Thursday, May 21, 2009
burnt hand
Am fed up. My mother while making puris spilt some hot oil on her right palm. my immediate reaction was concern and i got her cold water to bathe her arm in and applied burnol on her hand. then i mopped up the floor which had oil on it and wiped the kitchen counter clean. I was getting angry by this time that she had as usual focussed on too many things to do in the morning rather than preparing breakfast knowing that me and father would be hungry by 8:30/ 9:00. hence the last minute hurry burry and the oil spilling. typical of her. idiot. am so upset i vowed never to come again to my mother's place and stay during the summer vacation. my mother can accomodate and please all her relatives but she has little time to spare for my father and his likes and dislikes.
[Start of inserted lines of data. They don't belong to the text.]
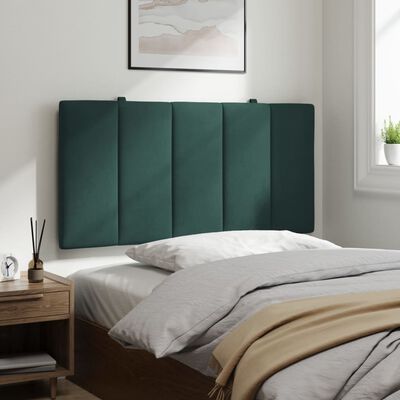 vidaXL Cabecero de cama acolchado terciopelo verde oscuro 100 cm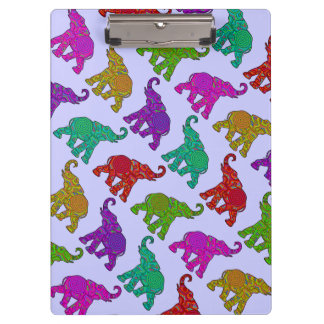 Elephant Walk pattern tiles design Clipboard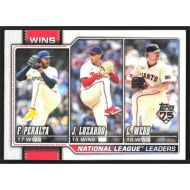 2026 Topps #117 F. Peralta/J. Luzardo/L. Webb League Leaders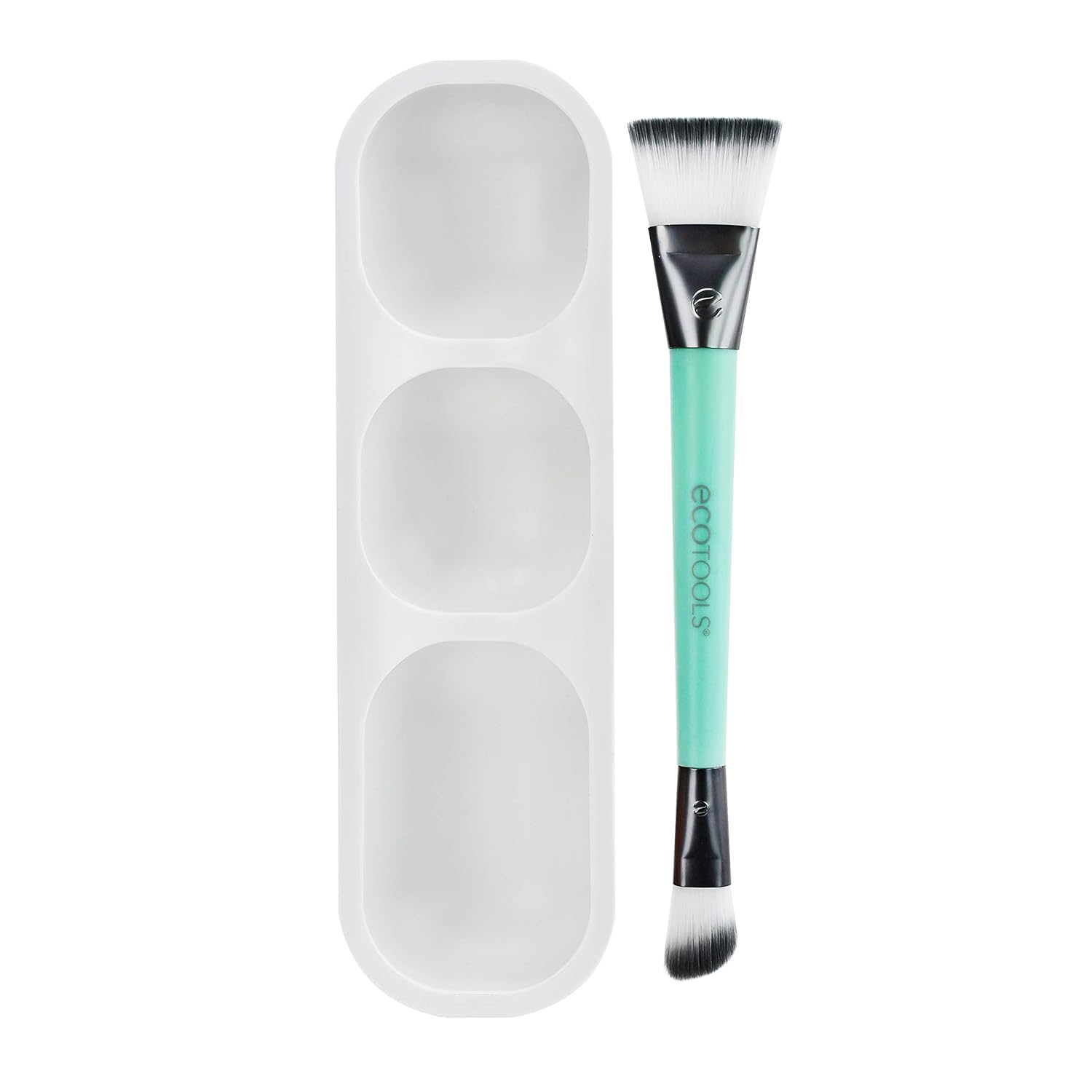 EcoTools Maskmates Multi-Masking Kit, For Facial Mask Application, With Dual Mixing Tray and Container, Set of 2 Brush Heads : Beauty & Personal Care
Am convinced that she cares the least for my father and only worries about her brood - her mother, brothers, uncles etc. anybody she can emotionally blackmail she is accomodating and pleasing to any extent and people like my father, myself, my father's relatives she shows the other indifferent side. i want to run away from her influence as far as possible and that's what i did in the last 6 months - only visiting her once. we stay only 5 hours away by road. my dilemma is that my 2.5 year old daughter is attached to my parents and she likes being here because unlike bangalore there are a ton of relatives who keep dropping into my mother's house which therefore gives her company. unlike my house where i keep strict boundaries with people. i feel very guilty about that that i cannot give her good company when she is at my place. i dont think the answer is to leave her at my mother's place as i said i dont think my mother is a good influence. the same things that have frustrated me about my mother may frustrate her too.
Monday, May 18, 2009
fine balance
Amma refused to have a second maid as extra help in her house. I, who had gone to stay at her place with my daughterfor the summer vacation wished otherwise. I remonstrated with her and it ended up in an emotional fight. i felt all shaken up and weak after this incident. it seems like the flight from thought to emotional outburst is exactly 1 minute for me. will it ever improve ? My tendency to hang at that perfect line of balance belies that life will always have such instances for me... am of that type. i may improve the veneer but the outburst will not take long to follow repeated thought patterns. are other people so finely tuned to their inner instruments. Is it a curse for me that am tuned so. do i see it as a big minus or celebrate.